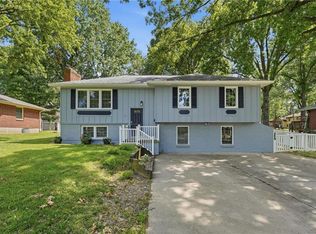 1605 NE 69th Ter, Gladstone, MO 64118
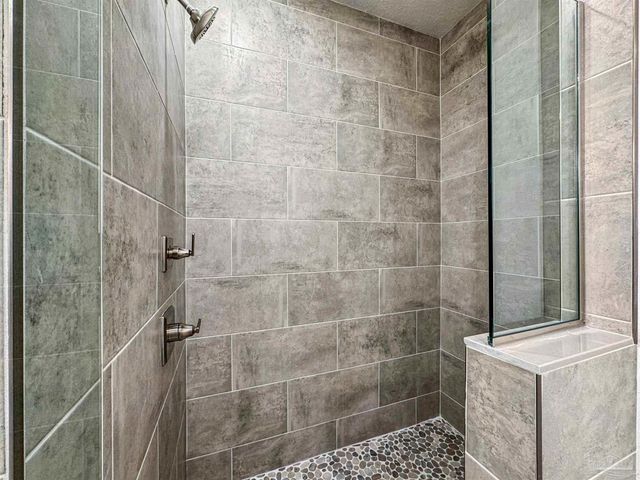 4016 Watergate Dr, Milton, FL 32583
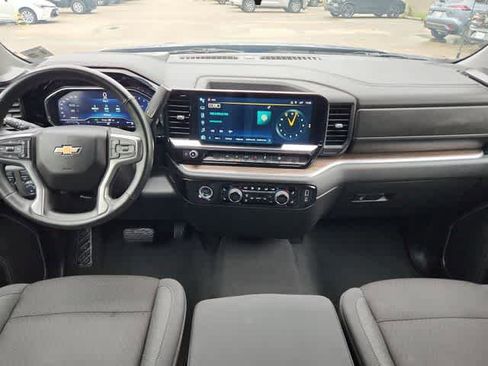 Used 2024 Chevrolet Silverado 1500 LT image 20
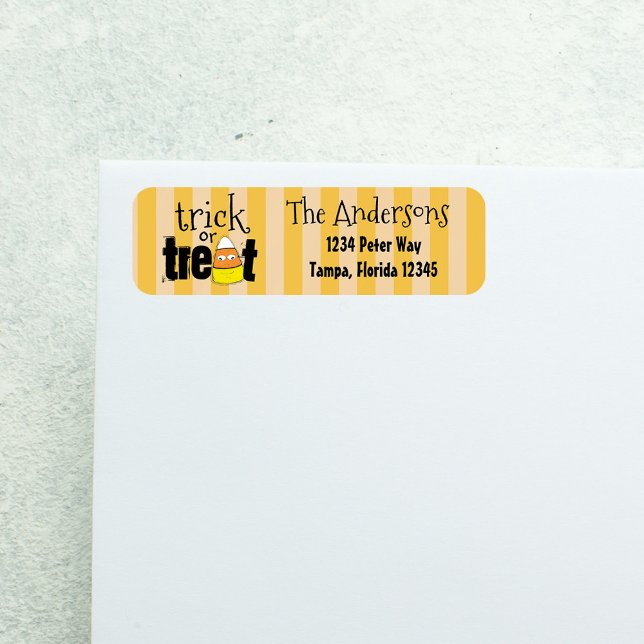 Etiqueta Halloween Cute Candy Corn Sonriente Whimsical (Trick or treat Halloween return label with candy corn and orange striped background.)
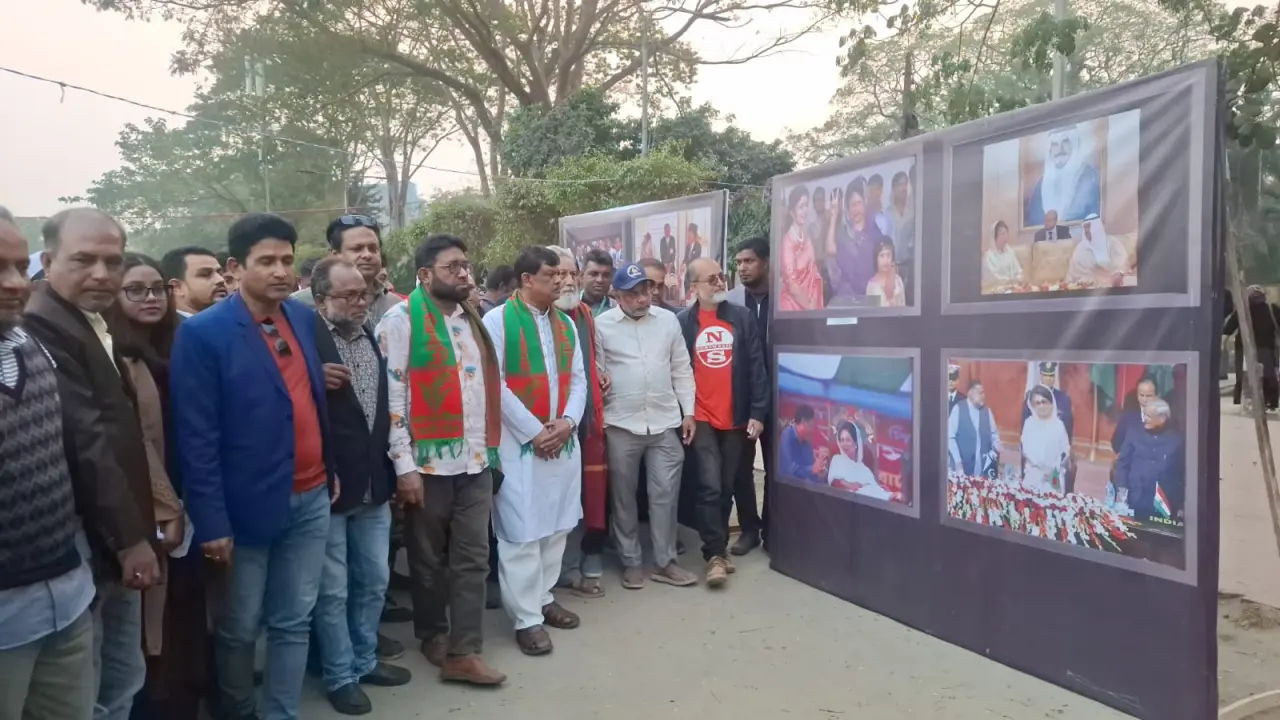 খালেদা জিয়ার জীবনভিত্তিক প্রামাণ্যচিত্রের উদ্বোধনকালে রহমাতুল্লাহ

····················

Word for word, print all of the data; skip the pictures.

 1605 NE 69th Ter, Gladstone, MO 64118
 4016 Watergate Dr, Milton, FL 32583
 Used 2024 Chevrolet Silverado 1500 LT image 20
 Etiqueta Halloween Cute Candy Corn Sonriente Whimsical (Trick or treat Halloween return label with candy corn and orange striped background.)
 খালেদা জিয়ার জীবনভিত্তিক প্রামাণ্যচিত্রের উদ্বোধনকালে রহমাতুল্লাহ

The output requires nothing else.